But in the short term, Dales expects the market to recede an additional 5%.

A Bloomberg editorial points out that home ownership in the U.S., as well as in Western Europe, has traditionally hovered around 65%. Around 1995, it started to explode on these shores (as well as in the European countries with the worst economic problems: Spain, Ireland and Greece).

"The belief took hold that rising home ownership meant a better society, no matter how fragile new buyers' finances might be," the editorial states. "Down payments started to matter much less; the same was true of income, which came to be ignored through no-documentation 'liars' loans.'"

The net result was that 69.2% of American households owned their homes by late 2004. We're now back to 66.4% -- close to what Bloomberg refers to as "The Golden Mean."

In a video interview, Robert Shiller, the Yale economics professor who is the co-creator of the S&P/Case-Shiller Index, tells Bloomberg Television's "Street Smart" hosts Carol Massar and Matt Miller that values were terribly distorted and we need to get past the assumption that real estate is a "money machine available to anyone." In fact, he says, people are losing their enthusiasm for the market and that's why prices are falling.

Massar and Miller want to know, of course, if we've hit "rock bottom." Shiller expects more dips but he's "not panicking," he says. He points out that the construction industry is dead right now and that should help to stabilize matters.

On top of the dismaying housing news, The Conference Board's confidence index dropped to 60.8 from a revised 66 reading in April -- its lowest level in six months. Blame was assigned to the lackluster job market as well as declining home values.

Media Daily News's Eric Sass reports that the latest bad news is unlikely to send advertising into the kind of nosedive that gripped the industry in 2008-09. Several experts weigh in, as does history: "Even when there were "double-dip" recessions (1973-74 and 1980-82), ad spending held steady or even increased during the second dip, which tended to be smaller and therefore less disruptive than the first dip," Sass concludes.

Kenneth Rapoza has a simple and inviting solution for would-be home buyers in his "Bric Breaker" blog on Forbes.com: "You know that $400,000 house you want to buy; offer them $350,000. If they don't take it now, they will soon enough."

One problem: Unless you're flush with cash, you'll have to also do a helluva sales job on the mortgage folks, and they tend not to blink. Rates fell to their lowest level of the year last week but many people still find themselves locked out of the market.

"The Federal Housing Authority is the only option left for many of these potential buyers, but the qualification process for government-sponsored loans is difficult as well, according to mortgage experts, and the paperwork is onerous," FoxBusiness' Prial reports.

But as the Bloomberg editorial points out, sound lending practices are essential to long-term recovery. "Trying to revive the anything-goes attitude of bubble-era lending in an effort to funnel more than 65% of Americans into home ownership can only lead back to instability," it concludes.

I'd like to write that you can bank on that, but what, exactly, does that mean anymore?
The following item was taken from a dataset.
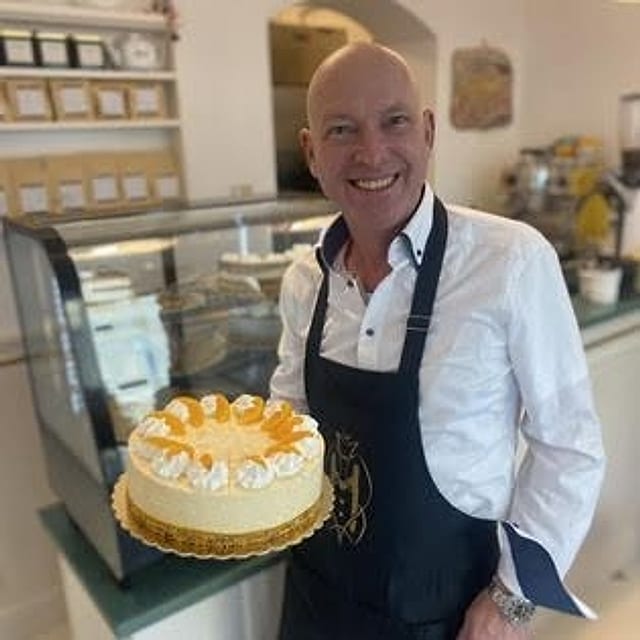 Der Inhaber des Café Mignon mit einer frischen Torte im Lokal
As a front page story in the Times asks this morning, how can it be that one mid-level 28-year-old Frenchman at Goldman Sachs has "achieved the dubious distinction of becoming the only individual at Goldman and across Wall Street sued by the Securities and Exchange Commission for helping to sell a mortgage-securities investment in one of the hundreds of mortgage deals created during the bubble years"?